ZWILLE STATT ZWILLINGE

■ The Proclaimers und Attacco Decente im Loft

Es waren Zwillingsbrüder, die hatten einander so lieb, sie konnten voneinander nicht lassen, deshalb machten sie Musik.

„Zwillinge haben freien Eintritt“, hieß es in einer Anzeige der Plattengesellschaft der Proclaimers, aber außer den Brüdern Charly und Craig Reid aus Achtermuchty in Schottland, die sich als Musiker ausgeben konnten, fand nur ein überprüfbares Zwillingspaar umsonst ins Loft. Ein weiteres Duo aus Australien sah sich weder ähnlich noch konnten sie anderweitig ihre ein- oder zweieiige Verwandschaft beurkunden. Also mußten sie bezahlen.
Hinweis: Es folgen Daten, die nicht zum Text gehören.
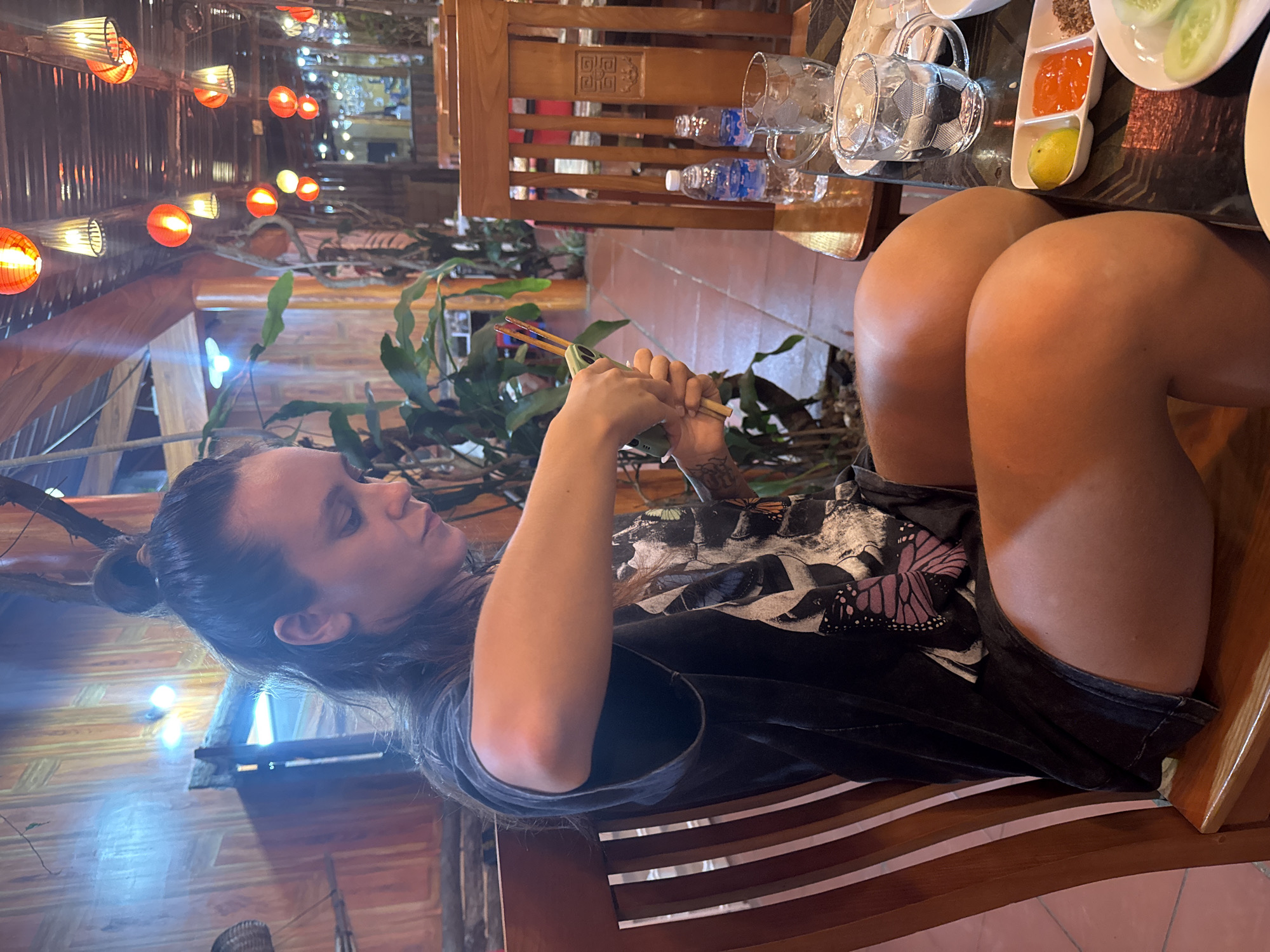 The image shows a woman seated at a wooden table in a restaurant in what appears to be the Mèo Vạc Commune, Vietnam, based on the traditional architecture and decor. She is using chopsticks. On the table are plates with food, along with water bottles and glasses. The restaurant has traditional lanterns hanging from the ceiling. The woman is wearing a dark-colored t-shirt with a butterfly design.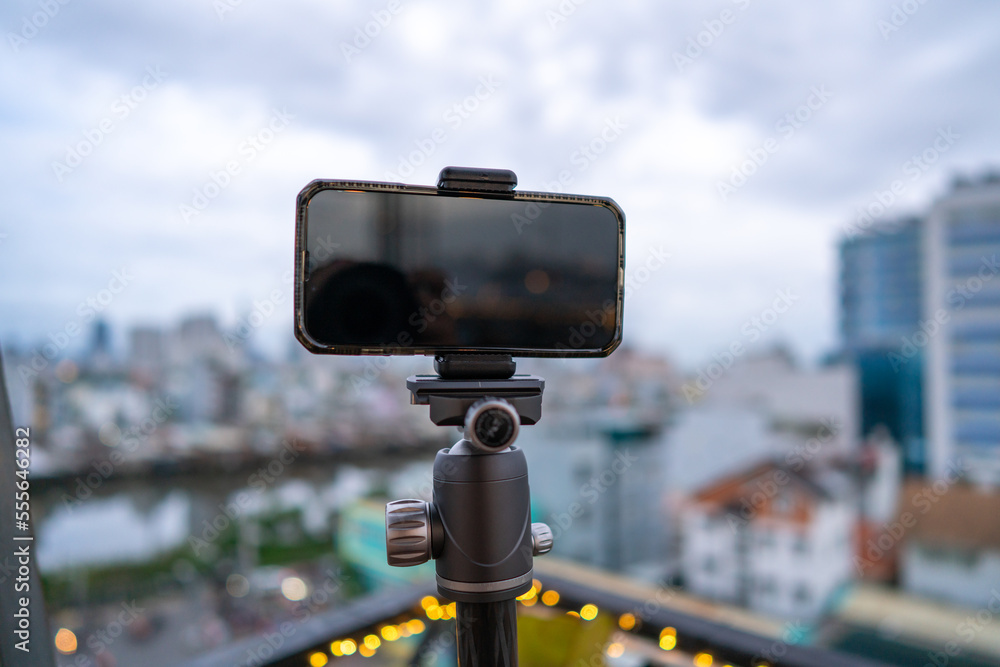 Close-up smartphone on tripod capturing night cityscape timelapse. Mobile photography or videography concept. Close-up smartphone on tripod capturing night cityscape timelapse. Mobile photography or videography concept.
Da man sich zu zweit ziemlich schnell in die Quere kommt, haben die Brüder Reid noch ein paar Kumpels mitgebracht, die auch schon einmal eine Gitarre gehalten oder auf einem Benzinfaß rumgetrommelt haben. Wenn sie dann noch fröhlich grinsen können, steht einer gemeinsamen Promotiontournee nichts mehr im Wege. Vom rein geschäftlichen Standpunkt aus gesehen ist es doch einfach so: Wir können den Leuten nicht ständig im Radio einen bestimmten Wurm ins Ohr setzen und sie dann damit alleine lassen. Die Leute erwarten heute schon etwas mehr, ein paar smarte Gesichter, die sich auch videogerecht ablichten lassen, ein wenig Intelligenz, ja vielleicht sogar eine politische Meinung mit dem passenden Haarschnitt dazu. Ansonsten müssen wir uns nur ins Studio setzen und so lange an den Songs herumproduzieren, bis sie eben in fast jedes Ohr passen; natürich nicht in jedes, sonst fehlt nachher der Kulturstatus, die Abgrenzungsmöglichkeit der verfeindeten Fans unserer einzelnen Produkte untereinander. Ach ja, die Texte nicht zu vergessen, wie wär's mit Auswandererschmerz, so echt schottisch, weil doch die Schotten immer weg müssen, auf die Bohrinseln und sonstwohin. Ein Titel wie „Letter from America“, da kann sich jeder was drunter vorstellen, und eine kleine Melodiespule hatten wir auch noch irgendwo rumliegen. Gemacht, die Sache ist im Kasten, jetzt müssen die Jungs nur noch ein Interview im NME geben, und dann schicken wir sie auf die Jugend los. Und auf Tournee. So nahm das Desaster seinen Lauf.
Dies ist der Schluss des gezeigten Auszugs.